Bleu blanc baise : comment j’ai passé l’arme à droite
Par (=S=)
M’occupant de ce webzine ce matin, voici que je découvre dans un des bandeaux de publicité sur lequel je vous invite à cliquer de temps en temps lorsqu’une annonce vous intéresse1, une publicité pour un site de rencontre « de droite ». Pour moi qui en a marre de la facilité, qui ne supporte plus de débiter quelques niaiseries convenues sur la « justice sociale », la « solidarité » ou encore de critiquer les riches pour séduire des collectivistes peu farouches en leur montrant patte blanche et cerveau bien rouge, voici l’occasion rêvée de relever de nouveaux challenges et varier les plaisirs… sachant que le plus grand moment orgasmique de ces rencontres est de partir le matin de bonne heure en laissant sur la table de chevet un exemplaire de La route de servitude avec une dédicace proposant à la jeune demoiselle qui m’aura fait l’honneur de ses charmes, un moyen de me faire le plaisir d’une conversation un peu plus éclairée si par hasard nous étions amené à nous recroiser. Et puis c’est difficile de trouver des filles qui se disent volontiers de droite en soirée ! Etre jeune et conservateur paraît tellement incongru, comme un oxymore, que pudeur ou honte masquent souvent cette tare, lorsqu’un jeune de gauche n’hésitera pas, lui, pas contre à te claironner ses idées sous le nez avec son haleine chargée d’alcool, même s’il ne débite que des clichés guignolesques et des slogans creux. Bref à défaut de vouloir « changer le monde », je vais me changer de changement en quittant celles qui voulaient « changer la vie » et échanger un peu avec elles en espérant vite le plus d’affinités sans autre fin.

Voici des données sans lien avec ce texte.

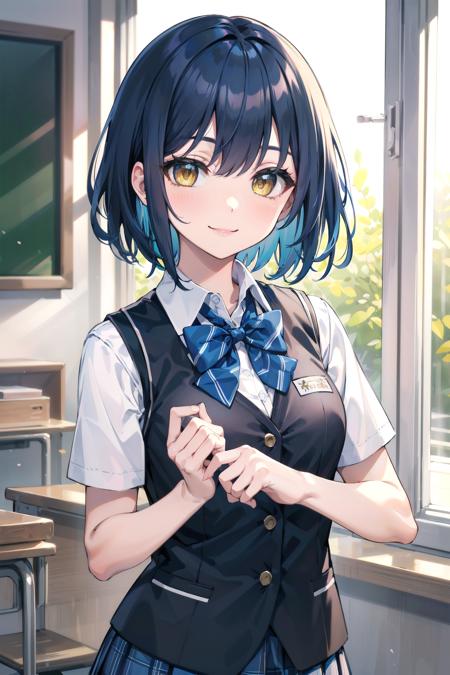 masterpiece, best quality, short hair, blue hair, yellow eyes, indoors, medium breasts, school uniform, bowtie, black vest, smile,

Emoustillé, donc, par l’idée de pouvoir enfourner ma vile pine dans de la sarkozyste encore illusionnée, de copuler avec une fille pas Copé rétive pour un sou, de pouvoir mettre le feu à une horde de folles, de baiser des bessonnettes, de soulever des jupettes, d’enfiler coup sur coup des Mauricette à gros portefeuille, ou encore de déculotter des filles honnêtes2, je me précipite donc sur le site3.

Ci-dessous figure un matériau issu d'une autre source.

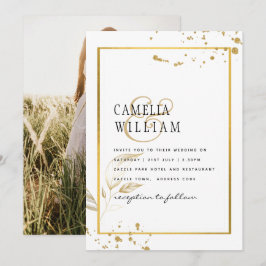 Invitación de Boda con Foto Elegante Blanco y Dora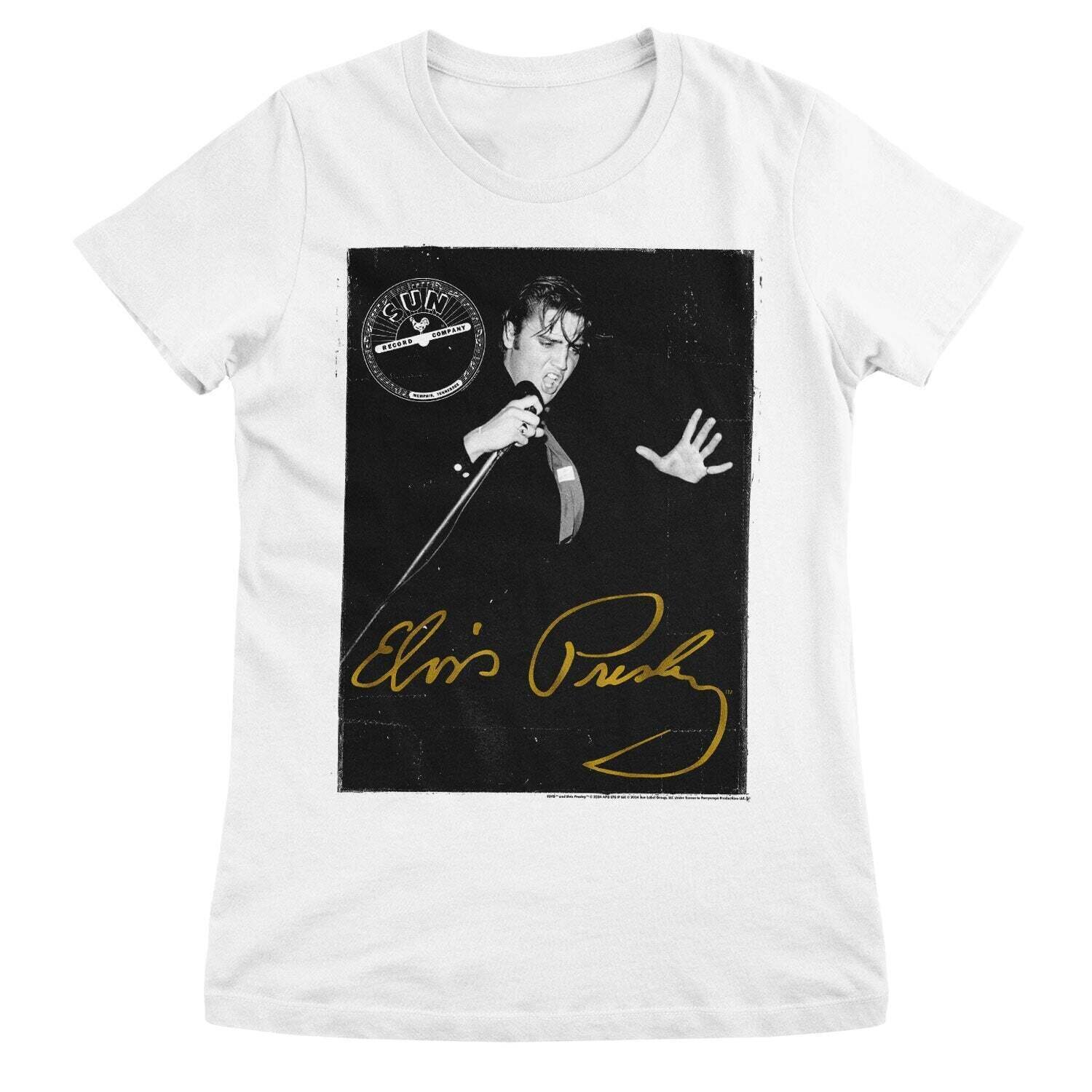 Skjorte Elvis Presley Golden Signature White 2XL Dame Skjorte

Prise de contact. J’arrive sur la page d’accueil et tout de suite me voici appelé par cette fille en chemise bleue et décolleté engageant qui me regarde droit dans les yeux, pendant qu’à côté d’elle un type à l’air coincé et probablement peu dégourdi promet une concurrence peu adroite. Tout autre est la variante de gauche du site, ou la nana, belle comme un merlan frit et regard coquin vers son côté préféré en politique, porte un t-shirt immaculé et que le mec derrière elle, bobo individualiste de la gauche caviar germanopratine, avec son petit regard en coin et ses allures de rebel s’apprête déjà à rouler les mécaniques pour m’empêcher d’arriver à mes fins.4 Et puis un petit tour rapide sur l’incontournable Facebook m’apprend vite que la version droitière du site marche mieux que la sinistre. Bah oui, en même temps c’est pas étonnant, sont cons Phoenix Corp, les sites de rencontre de gauche ce sont les manifs, le bitume chaleureux de la lutte sociale, les tractages fraternels et la solidarité en acte et en chansons, pourquoi qu’ils mettraient tant d’empressement à se réunir, sinon ?
Je reste donc définitivement sur mon idée d’aller chasser dans l’univers de la majorité présidentielle (ou umpie) et clique pour m’inscrire.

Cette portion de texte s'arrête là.